The governing principles of natural selection

Winning in a fintech emerging or growth category is a particularly daunting prospect, then, and it is this fact that enables large firms to leverage Darwinian principles of natural selection to their advantage. Key to this is adopting a principle of self-directed evolution which allows firms to increase their chances of being successfully innovative.

So what are the rules for ‘natural innovation’ and how can they be applied in today’s world?
Patience
Contrary to popular belief, eureka moments are rare. In fact, studies show that innovation rarely comes in a blinding flash of insight, but more often as the result of a steady stream of improvements that follow a hunch or gut instinct otherwise known as simple intuition. So innovation actually is a function of sheer effort and resource – something that should immediately place larger firms at an advantage. As mentioned earlier, natural selection takes this to extremes and bets on every outcome – a luxury beyond the practical realities of business.
Nevertheless, many large firms have a huge number of formal and informal innovation initiatives underway across their businesses. And yet it is surprising just how uncoordinated these efforts actually are in many cases. This is because innovation is part of every business process and so initiatives tend to spring up in haphazard ad-hoc ways, with different objectives, different methods and different reporting lines. On top of this, and somewhat ironically, innovation can often be seen as something that just gets in the way of the daily running of the business and so all too easily gets marginalised.
Without change there can be no innovation
The title of Richard Dawkins’ book, The Blind Watchmaker, says it all. Nature doesn’t have an ultimate objective, she simply wants to make things better. Key to this is having as many throws of the evolutionary dice as possible and this is just as true for promoting natural innovation in larger firms. The trick, though, with only limited dice throws available, is knowing when and where to throw them.
A good starting point is to look at where the interaction with your customers is most frothy as this often indicates dissatisfaction with the status quo on one, either or both sides. Another is to look at new areas adjacent to the current business, whilst a third, although less dynamic approach, is to look at new entrants into a relevant market.

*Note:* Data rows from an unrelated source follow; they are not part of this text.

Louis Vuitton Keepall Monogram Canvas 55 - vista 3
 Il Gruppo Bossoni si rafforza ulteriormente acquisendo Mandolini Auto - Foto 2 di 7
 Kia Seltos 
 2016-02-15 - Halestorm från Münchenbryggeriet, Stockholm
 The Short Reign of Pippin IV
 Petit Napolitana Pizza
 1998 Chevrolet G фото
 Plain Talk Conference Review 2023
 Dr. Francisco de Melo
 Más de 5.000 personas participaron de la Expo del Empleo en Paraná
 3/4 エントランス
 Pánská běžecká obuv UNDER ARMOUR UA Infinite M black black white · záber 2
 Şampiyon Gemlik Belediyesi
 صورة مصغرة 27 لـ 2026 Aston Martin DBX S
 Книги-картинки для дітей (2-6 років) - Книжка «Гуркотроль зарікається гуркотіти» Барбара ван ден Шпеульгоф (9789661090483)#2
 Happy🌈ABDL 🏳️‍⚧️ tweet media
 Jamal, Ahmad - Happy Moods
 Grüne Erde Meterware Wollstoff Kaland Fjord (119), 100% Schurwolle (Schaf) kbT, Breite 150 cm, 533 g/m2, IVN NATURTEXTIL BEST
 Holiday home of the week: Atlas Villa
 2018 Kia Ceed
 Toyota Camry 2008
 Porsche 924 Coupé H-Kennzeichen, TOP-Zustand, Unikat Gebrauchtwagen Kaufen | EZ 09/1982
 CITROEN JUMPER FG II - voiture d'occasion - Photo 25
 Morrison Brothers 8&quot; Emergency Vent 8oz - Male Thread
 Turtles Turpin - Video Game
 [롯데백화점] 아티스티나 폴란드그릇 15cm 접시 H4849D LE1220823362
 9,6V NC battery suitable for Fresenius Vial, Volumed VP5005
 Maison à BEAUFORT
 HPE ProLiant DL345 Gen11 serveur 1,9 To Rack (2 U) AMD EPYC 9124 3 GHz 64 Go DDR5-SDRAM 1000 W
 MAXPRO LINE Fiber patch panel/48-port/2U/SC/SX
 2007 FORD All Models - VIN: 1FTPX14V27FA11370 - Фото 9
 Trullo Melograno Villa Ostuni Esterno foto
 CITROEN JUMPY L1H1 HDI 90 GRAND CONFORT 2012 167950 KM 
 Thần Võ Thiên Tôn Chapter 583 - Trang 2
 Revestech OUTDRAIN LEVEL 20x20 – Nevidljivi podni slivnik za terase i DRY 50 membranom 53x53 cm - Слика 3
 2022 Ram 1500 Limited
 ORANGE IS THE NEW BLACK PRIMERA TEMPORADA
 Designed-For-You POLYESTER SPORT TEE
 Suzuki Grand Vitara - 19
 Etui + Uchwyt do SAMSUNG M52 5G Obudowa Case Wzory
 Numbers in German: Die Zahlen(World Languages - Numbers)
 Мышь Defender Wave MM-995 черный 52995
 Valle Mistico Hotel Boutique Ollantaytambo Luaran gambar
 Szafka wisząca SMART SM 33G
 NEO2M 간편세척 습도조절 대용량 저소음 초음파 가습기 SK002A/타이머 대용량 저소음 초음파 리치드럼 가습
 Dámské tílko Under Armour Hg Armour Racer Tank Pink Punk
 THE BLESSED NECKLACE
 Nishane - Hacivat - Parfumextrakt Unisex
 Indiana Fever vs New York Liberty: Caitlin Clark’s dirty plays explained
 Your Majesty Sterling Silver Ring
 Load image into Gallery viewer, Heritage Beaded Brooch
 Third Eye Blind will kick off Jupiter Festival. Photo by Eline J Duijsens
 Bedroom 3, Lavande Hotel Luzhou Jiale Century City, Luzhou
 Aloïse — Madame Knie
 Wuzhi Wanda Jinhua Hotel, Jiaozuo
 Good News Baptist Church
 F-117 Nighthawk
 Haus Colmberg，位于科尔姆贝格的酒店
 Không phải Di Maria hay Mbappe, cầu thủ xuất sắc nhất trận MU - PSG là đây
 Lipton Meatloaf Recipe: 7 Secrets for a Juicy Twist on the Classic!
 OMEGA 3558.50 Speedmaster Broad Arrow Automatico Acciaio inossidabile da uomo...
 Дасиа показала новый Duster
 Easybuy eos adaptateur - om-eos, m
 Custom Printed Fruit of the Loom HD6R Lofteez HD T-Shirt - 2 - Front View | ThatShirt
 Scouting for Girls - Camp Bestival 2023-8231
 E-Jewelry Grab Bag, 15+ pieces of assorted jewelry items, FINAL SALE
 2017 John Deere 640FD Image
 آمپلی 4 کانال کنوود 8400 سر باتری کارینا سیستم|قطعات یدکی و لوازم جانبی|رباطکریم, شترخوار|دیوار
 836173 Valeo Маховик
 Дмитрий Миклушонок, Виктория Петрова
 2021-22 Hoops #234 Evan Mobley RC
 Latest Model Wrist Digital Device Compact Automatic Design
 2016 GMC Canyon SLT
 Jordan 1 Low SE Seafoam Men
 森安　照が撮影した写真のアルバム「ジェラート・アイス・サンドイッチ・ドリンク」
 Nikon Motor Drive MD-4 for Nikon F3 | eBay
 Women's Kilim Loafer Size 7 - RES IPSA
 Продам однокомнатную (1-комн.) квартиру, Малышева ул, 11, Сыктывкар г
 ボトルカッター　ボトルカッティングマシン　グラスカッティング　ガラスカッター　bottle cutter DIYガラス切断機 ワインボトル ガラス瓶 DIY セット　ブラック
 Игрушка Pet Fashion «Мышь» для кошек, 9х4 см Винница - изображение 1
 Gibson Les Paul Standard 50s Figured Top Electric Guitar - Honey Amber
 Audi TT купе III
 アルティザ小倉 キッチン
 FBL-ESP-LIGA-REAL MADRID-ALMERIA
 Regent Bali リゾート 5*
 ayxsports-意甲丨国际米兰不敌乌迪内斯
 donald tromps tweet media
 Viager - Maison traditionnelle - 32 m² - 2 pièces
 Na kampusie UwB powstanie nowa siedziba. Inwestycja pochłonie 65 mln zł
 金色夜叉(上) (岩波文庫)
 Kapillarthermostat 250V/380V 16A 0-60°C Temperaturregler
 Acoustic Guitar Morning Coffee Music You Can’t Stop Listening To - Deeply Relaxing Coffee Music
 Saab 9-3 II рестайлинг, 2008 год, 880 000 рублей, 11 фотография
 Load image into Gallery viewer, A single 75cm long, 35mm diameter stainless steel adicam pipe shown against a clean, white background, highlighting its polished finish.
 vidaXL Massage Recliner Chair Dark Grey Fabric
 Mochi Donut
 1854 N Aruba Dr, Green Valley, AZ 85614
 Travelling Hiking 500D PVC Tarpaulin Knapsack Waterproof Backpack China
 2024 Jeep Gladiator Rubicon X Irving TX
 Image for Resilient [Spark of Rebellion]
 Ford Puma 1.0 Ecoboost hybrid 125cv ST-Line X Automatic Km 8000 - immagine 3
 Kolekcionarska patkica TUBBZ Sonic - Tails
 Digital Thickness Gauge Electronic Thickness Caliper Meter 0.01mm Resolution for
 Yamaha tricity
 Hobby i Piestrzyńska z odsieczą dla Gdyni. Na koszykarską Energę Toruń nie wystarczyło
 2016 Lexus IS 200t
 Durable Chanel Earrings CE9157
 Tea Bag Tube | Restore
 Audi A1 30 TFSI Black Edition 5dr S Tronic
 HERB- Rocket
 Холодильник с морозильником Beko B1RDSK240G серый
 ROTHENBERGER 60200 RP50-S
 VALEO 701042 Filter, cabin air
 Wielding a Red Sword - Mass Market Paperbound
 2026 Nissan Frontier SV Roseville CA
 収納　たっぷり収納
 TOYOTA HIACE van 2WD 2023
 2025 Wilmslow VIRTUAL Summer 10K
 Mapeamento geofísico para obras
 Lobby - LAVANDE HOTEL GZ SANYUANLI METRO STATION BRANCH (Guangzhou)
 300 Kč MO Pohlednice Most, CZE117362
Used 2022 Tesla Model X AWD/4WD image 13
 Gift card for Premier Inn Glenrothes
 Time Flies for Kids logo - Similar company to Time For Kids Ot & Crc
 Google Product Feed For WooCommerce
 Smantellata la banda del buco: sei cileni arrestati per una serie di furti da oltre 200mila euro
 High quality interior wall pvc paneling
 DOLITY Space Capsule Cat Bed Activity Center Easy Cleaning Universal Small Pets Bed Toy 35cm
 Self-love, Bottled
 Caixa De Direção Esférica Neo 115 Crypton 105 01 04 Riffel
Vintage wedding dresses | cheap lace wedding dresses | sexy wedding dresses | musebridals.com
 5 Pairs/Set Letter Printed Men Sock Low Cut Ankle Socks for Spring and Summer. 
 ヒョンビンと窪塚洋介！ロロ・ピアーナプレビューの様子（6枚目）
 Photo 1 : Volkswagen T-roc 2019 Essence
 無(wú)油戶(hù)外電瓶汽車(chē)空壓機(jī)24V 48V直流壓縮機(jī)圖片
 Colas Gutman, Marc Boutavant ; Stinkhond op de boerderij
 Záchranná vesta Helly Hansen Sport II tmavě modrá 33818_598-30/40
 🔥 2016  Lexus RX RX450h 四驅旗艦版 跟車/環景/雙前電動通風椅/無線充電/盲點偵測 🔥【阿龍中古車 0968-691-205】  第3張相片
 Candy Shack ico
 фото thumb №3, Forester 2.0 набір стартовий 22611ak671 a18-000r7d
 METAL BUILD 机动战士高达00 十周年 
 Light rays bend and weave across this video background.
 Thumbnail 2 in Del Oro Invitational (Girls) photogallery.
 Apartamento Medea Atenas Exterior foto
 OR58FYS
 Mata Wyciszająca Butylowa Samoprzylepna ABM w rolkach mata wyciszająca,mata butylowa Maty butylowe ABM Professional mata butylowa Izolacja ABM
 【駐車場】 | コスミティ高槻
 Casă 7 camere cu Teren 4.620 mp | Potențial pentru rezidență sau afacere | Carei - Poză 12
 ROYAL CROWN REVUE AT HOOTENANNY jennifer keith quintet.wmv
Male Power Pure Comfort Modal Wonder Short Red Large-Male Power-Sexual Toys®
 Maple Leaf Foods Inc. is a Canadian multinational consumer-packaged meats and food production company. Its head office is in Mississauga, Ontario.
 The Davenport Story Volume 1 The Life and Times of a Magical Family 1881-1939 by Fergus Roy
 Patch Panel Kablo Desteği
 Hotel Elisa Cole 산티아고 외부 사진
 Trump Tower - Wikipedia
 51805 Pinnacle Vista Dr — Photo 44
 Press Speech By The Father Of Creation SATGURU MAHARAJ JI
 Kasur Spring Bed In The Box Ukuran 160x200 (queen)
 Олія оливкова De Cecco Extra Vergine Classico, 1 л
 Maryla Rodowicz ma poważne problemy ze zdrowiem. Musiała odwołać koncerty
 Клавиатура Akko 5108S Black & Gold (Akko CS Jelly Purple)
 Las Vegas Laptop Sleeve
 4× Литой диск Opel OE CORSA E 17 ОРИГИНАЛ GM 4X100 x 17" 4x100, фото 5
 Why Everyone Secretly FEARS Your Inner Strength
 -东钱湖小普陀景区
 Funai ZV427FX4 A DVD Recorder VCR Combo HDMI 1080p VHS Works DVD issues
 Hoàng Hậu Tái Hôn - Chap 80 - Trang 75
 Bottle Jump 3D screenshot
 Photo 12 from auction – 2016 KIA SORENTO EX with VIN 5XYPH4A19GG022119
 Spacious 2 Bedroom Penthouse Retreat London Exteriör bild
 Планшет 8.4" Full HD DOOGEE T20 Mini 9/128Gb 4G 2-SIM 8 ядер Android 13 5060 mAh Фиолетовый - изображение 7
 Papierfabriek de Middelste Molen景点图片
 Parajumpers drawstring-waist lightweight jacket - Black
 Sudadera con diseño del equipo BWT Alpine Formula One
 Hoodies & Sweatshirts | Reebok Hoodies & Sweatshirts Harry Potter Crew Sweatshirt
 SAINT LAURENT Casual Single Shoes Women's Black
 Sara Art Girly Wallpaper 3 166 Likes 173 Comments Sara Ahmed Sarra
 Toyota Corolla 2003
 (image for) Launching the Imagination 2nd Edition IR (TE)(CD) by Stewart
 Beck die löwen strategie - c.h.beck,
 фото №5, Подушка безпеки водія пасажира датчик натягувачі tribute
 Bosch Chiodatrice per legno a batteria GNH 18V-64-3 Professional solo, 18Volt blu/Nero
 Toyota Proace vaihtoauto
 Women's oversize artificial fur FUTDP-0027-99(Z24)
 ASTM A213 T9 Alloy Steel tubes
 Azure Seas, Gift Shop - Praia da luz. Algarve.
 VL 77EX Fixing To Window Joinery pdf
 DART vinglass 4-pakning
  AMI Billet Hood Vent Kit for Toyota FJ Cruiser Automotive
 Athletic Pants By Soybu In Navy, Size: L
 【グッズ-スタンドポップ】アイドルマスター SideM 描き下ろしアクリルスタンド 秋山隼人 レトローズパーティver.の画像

What is then needed, as in nature, is a mechanism to simplify, direct and focus there efforts in order for large firms to leverage their size and resources. Key to this is communicating these directions of travel repeatedly to all parts of the firm. This allows the varied innovation activity dispersed around the firm to coalesce around a small number of goals so that their combined expertise can be amplified. It is equally vital, therefore, that these different groups are in regular contact with each other. The sad truth, however, is that in many cases they are not even aware of each other’s existence.
In this way, a firm might decide that its key directions of travel are a new asset class, a new area of workflow or the application of a specific new technology to an existing business line. This drumbeat can then be picked up by the firm’s technical, commercial and business thinkers and turned into incremental, innovative – yet directed – evolution. This approach allows self-direction to come into play, but without interfering or trying to bully the delicate innovative process itself.
Having decided on the directions of travel it is essential to try and think concurrently about all aspects of the problem domain – new technical approaches, deployment strategies and commercial models – rather that force new ideas through existing constructs. Perhaps counter-intuitively, simply asking for things to be done differently is a great way for large firms to boost innovative progress in these areas. Smart people work for large firms too, and so by allowing them to work unconstrained when it comes to innovation, they can be just as insightful or creative as their peers in the Silicon Valleys, tech roundabouts and other such hangouts.
Nature doesn’t care where innovation comes from
Many large firms think of innovation as something they either do themselves or buy in through acquisition. And yet nature is full of symbiotic relationships where two seemingly diverse species find a way to cooperate to their mutual benefit. These relationships are strong and enduring because they work better at solving a problem than either could on its own and so provide an evolutionary shortcut to more efficient or better outcomes. The global finance industry is ideal for this type of cooperation as it throws up significant compliance, brand, information security, regulatory and other highly challenging barriers to small firms seeking to make headway. These are all issues that, by definition, the large dominant firms will have satisfactorily solved for already.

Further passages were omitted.